- **EXERCISE REQUIREMENTS**:
Using the records below, write out again exactly the lines that begin at the line containing "BRAKE PADS REAR VALEO PORSCHE" and end at the line containing "PRINGLE OF SCOTLAND", and no other lines.

- **EXERCISE MATERIAL**:
--------------------
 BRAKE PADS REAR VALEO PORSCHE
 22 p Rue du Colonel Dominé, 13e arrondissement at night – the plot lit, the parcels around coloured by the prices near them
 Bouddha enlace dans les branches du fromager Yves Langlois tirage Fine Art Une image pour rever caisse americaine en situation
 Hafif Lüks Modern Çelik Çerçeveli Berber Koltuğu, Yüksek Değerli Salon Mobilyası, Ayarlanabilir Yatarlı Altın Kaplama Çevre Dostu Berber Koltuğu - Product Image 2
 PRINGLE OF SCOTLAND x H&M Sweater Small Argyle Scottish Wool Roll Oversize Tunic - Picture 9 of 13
--------------------
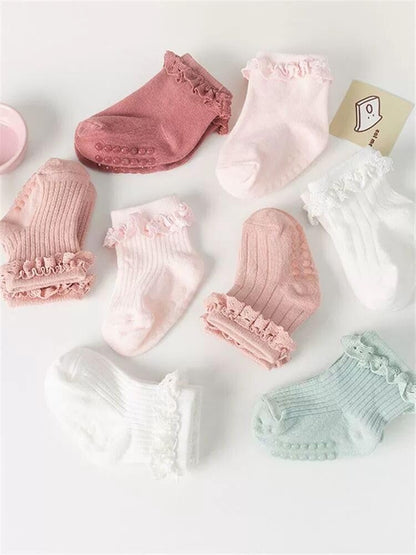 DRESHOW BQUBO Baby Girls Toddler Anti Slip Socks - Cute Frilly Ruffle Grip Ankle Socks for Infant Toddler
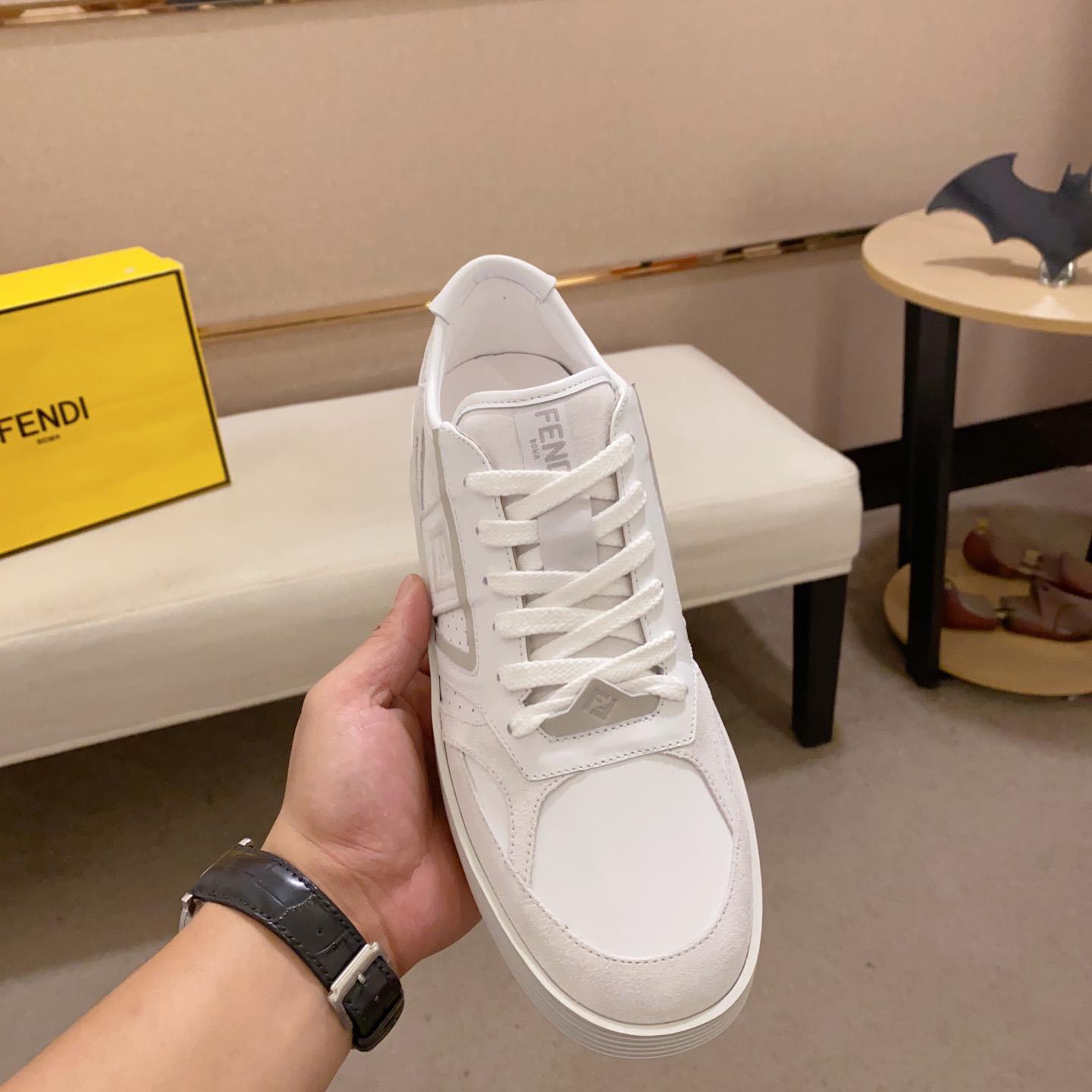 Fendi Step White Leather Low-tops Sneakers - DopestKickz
--------------------
- **EXERCISE SOLUTION**:
 BRAKE PADS REAR VALEO PORSCHE
 22 p Rue du Colonel Dominé, 13e arrondissement at night – the plot lit, the parcels around coloured by the prices near them
 Bouddha enlace dans les branches du fromager Yves Langlois tirage Fine Art Une image pour rever caisse americaine en situation
 Hafif Lüks Modern Çelik Çerçeveli Berber Koltuğu, Yüksek Değerli Salon Mobilyası, Ayarlanabilir Yatarlı Altın Kaplama Çevre Dostu Berber Koltuğu - Product Image 2
 PRINGLE OF SCOTLAND x H&M Sweater Small Argyle Scottish Wool Roll Oversize Tunic - Picture 9 of 13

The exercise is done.